There was just one problem: “Most of the paper we made was smaller than what they needed. They needed 36-by-36-inch sheets and we didn’t have a press to squeeze out the water from the damp sheets,” Barrett says, “so we had to construct a larger press and build other pieces of equipment to be ready to go into production.” It took a few months to assemble and perfect using everything, and then it was just a matter of minutes to create the paper, which took another day to press and dry. In all, they shipped a few dozen sheets of the additive-free paper to the National Archives, and it should be good for many decades to come.

Photo from the National Archives

The highly-fortified cases were designed with aluminum plates as a base for the precious documents, which were written some two-and-a-half centuries ago on vellum, a parchment made from animal skin. “They wanted the paper in there to provide a lighter background to help illuminate, to help show off the parchment documents, to provide a cushion against the perforated aluminum plate,” Barrett says, “and also to provide a relative humidity buffer within the encasement.” The U-I Center for the Book is dedicated to preserving arts that date back centuries, like bookbinding, letterpress printing, and making paper by hand.

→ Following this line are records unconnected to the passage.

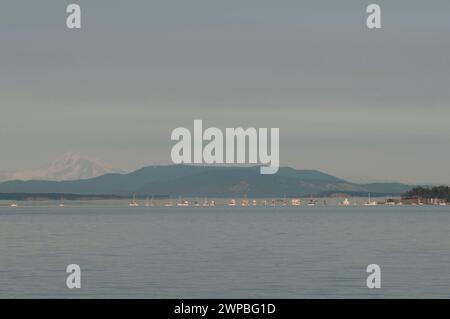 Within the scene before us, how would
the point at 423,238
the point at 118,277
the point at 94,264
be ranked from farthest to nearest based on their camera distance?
1. the point at 423,238
2. the point at 94,264
3. the point at 118,277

Barrett says it was a tremendous honor to be chosen for this project by the National Archives, which hosts more than a million visitors every year.”I’ve been there several times and it’s well worth a visit because the lighting is subdued and there’s an atmosphere of real reverence,” Barrett says. “You can wait your turn in line and walk up there and get your face literally within inches of these very important pieces of American history.” He says all residents of the state, when they go to see the Declaration of Independence and the other documents, should feel a sense of gratification.

Tim Barrett (UI photo)

“The most important thing for me, and I think for any Iowan who goes to the National Archives Rotunda, once you get in there and you get up close to those documents, if you move your head off to the side a little bit, underneath them all, you can see this white piece of paper and you know, that was made in the state of Iowa,” Barrett says, “and that’s something to be really proud of.” And by the way, the masterminded theft of the Declaration of Independence depicted in the 2004 film “National Treasure” starring Nicolas Cage? Barrett says rest assured, it’ll never happen.